Whatever your reasons for selling your business, you’ll find that there are many different ways of making it happen. Lets take a look at a few of the more popular options.

Employee Buyout

Selling the business to its employees might hold a certain romantic appeal. Your employees are the people who are closest to the business, and might have a better understanding of its culture and idiosyncrasies than any outsider. What’s more, they’ll all have an additional incentive to ensure that the business performs well, since they’ll have a direct stake in it. When you pursue this option, there’s no need to disrupt the management structure – the changes are mostly technical.

Private Equity Purchasing

A private equity firm is an organisation that can purchase your business, either in whole or in part. If you retain a majority stake, then you’ll be able to retain control of the business as a whole. This is therefore a great option for those looking for investment from outsiders.

Management Buyout

A management buyout (or MBO) is a kind of employee buyout that’s limited to the management. This is usually contrasted against a management buy in, where another management team purchases the business and takes control of its day-to-day operations. Management buyouts are usually favoured by large conglomerates who need an exit strategy from smaller businesses they’ve acquired along the way.

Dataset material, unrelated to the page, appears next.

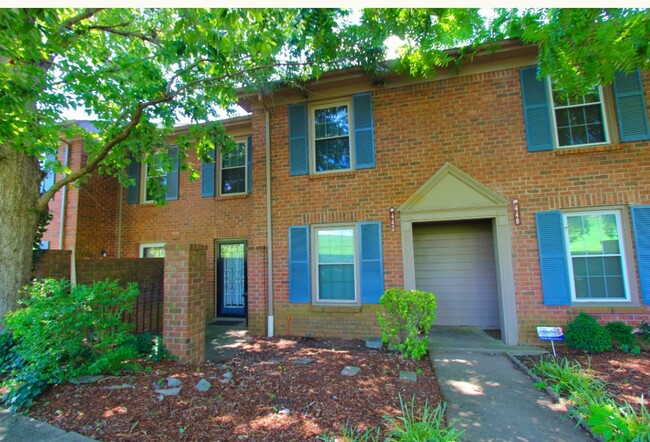 Building Photo - 442 Stewarts Ferry Pike Rental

Management buyouts have significant implications for the management themselves, who must bear much greater risk of incurring financial loss personally. While this is the case for employee buyouts of every kind, in the case of an MBO, the risk is concentrated on fewer heads.

Asset Sale

Rather than selling the business as a whole, an owner might elect to sell some of its assets. So, if there’s a premises that’s not performing as it ideally might, or a piece of machinery that’s surplus to requirements, you might cash in. Asset sales often incur income tax in a way that sales of stocks and shares do not, so make sure that you’re aware of the final bill before you commit.